Ann Andersen, Amy Bullock Gold, Amy McCormick, Christine Fewkes Layton, Jennifer Christensen Johnson, Kenni Allen McAlister, Lisa Cavanaugh Bohne, Sandra Priedeman, Sarah Jane Rice Obray and Tami Baker are 10 of the original 12 that met on campus last month to celebrate a roommate reunion.

The group met 25 years ago at Helaman Halls during their freshman year in 1990 and quickly became friends. They continued to live together throughout their college years until they graduated, got married or served missions.

Layton, the “mom” of the group, said she is surprised the group is still together.

“It’s amazing to us that we forged such a close friendship while in the dorms that has lasted more than half our lives,” Layton said.

All of them attributed their ability to stay connected to Johnson, the “glue of the group.” If anyone wanted to know what was going on they would go to Johnson. The group agreed that Johnson kept people informed and updated just like a Facebook feed. They called her “Jenbook” as a nickname.

“She was like Internet before Internet,” Andersen said.

Back Row: McCormick, Bohne Middle Row: Hendricks, Johnson, Priedeman, McAlister Front Row: Gold Obray, Layton Standing in front of their Helaman Halls Apartment Building
Back row: McCormick, Bohne, Middle Row: Hendricks, Johnson, Priedeman, McAlister, Front row: Gold Obray, Layton standing in front of Helaman Halls. (Christine Layton)

Johnson is also credited with keeping the group together and making the reunions possible.
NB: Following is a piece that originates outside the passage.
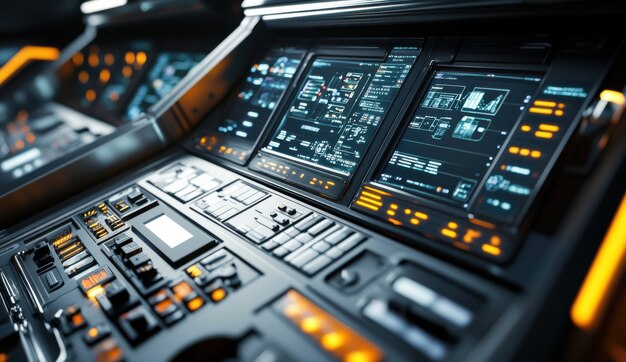 Mesa de control de una nave espacial desde el interior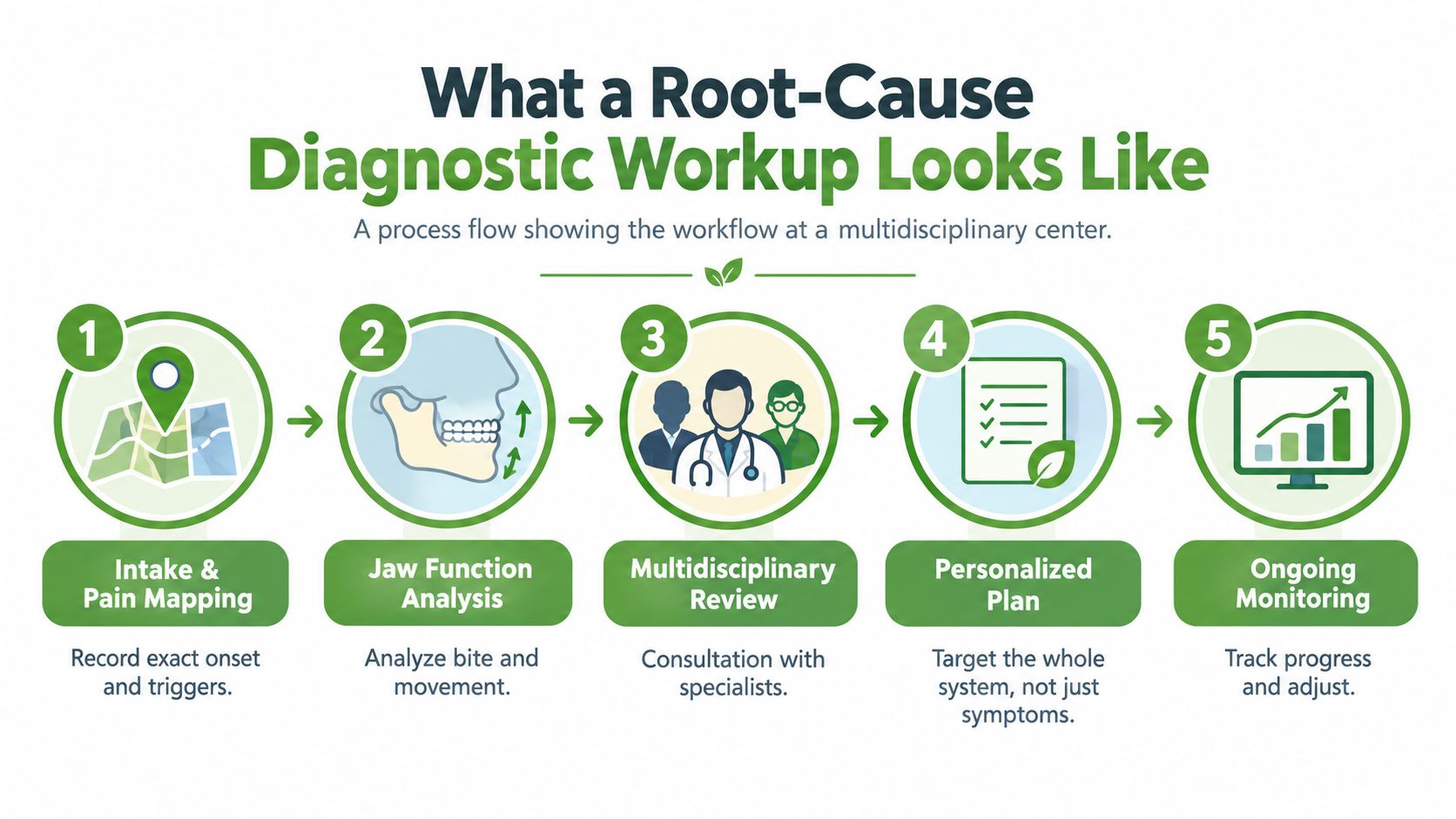 A five-step diagnostic process flow diagram for identifying root causes of pain at a multidisciplinary center.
Ten years ago the group met for their first “Bigger, Better, Softer” reunion at a friend’s condo in Park City. They came to campus for a tour and gave their guide a relaxing ride as they told him all the bits and pieces of their campus days. They were able to reunite again another 10 years later, for their “I Don’t Remember That” reunion.

Although they said they are losing their sharp memories, they said they remember becoming the steady support for each other in all stages of life.

They said there isn’t a textbook formula that can generate their kind of loyalty. It evolves over time and their friendship formed from a matter of maturity.

“We grew up together, we became adults together,” Priedeman said. “We turned 18 and we didn’t know how to budget or grocery shop or cook or clean, so we had to figure it out with one another.”

Priedeman said having the mindset of “I’m here to study sometimes, but I’m here to play and I’m here to be a friend” helped them achieve overall success.

The friends participated in activities even though they made studying a priority. A favorite pastime was BYU intramural sports. They formed “The Breakfast Club” team and played several sports together including basketball, volleyball, indoor soccer, flag football and more.

Amber and Amy Gold (Maddi Driggs)
Amber and Amy Gold talk about Amy’s BYU experiences. 
(Maddi Driggs)

All 12 friends earned their bachelor’s degrees from BYU and several others have gone on to achieve master’s degrees. Baker said it is time for reminiscing and reflecting now that studies are past.

Even though they claim to have forgotten a lot, they shared many memories and laughs.

One particular memory involved moldable foam mannequins and PDA.

“We dressed up some old foam mannequins the (BYU) Bookstore had thrown out and set them out on the stairs embraced in a very public display of affection moment,” Baker said. “We’d watch the most hilarious looks from people passing by!”

Another classic experience they shared together was hiking Y Mountain. The friends didn’t know there was already a trail in place to make the rigorous climb less strenuous, so they went for the vertical climb.

“Oh we were eating dirt!” Layton said.

Catching their breath upon reaching the Y, they noticed all the other hikers and thought they had triumphed like everyone else. But when the others left, the group noticed the trail and their silliness.

Now that they are grown and have families of their own, the friends shared hopes that their children can make similar memories.

“We want all of our kids to go to BYU. We’re indoctrinating our children. Every family home evening (is) ‘Rise and shout, the Cougars are out,'” Bohne said.

This year at least one of the friends succeeded in passing the torch. Amy Gold’s daughter, Amber, is now a freshman at BYU who hopes to form the same friendships and maybe even have a similar reunion 25 years from now.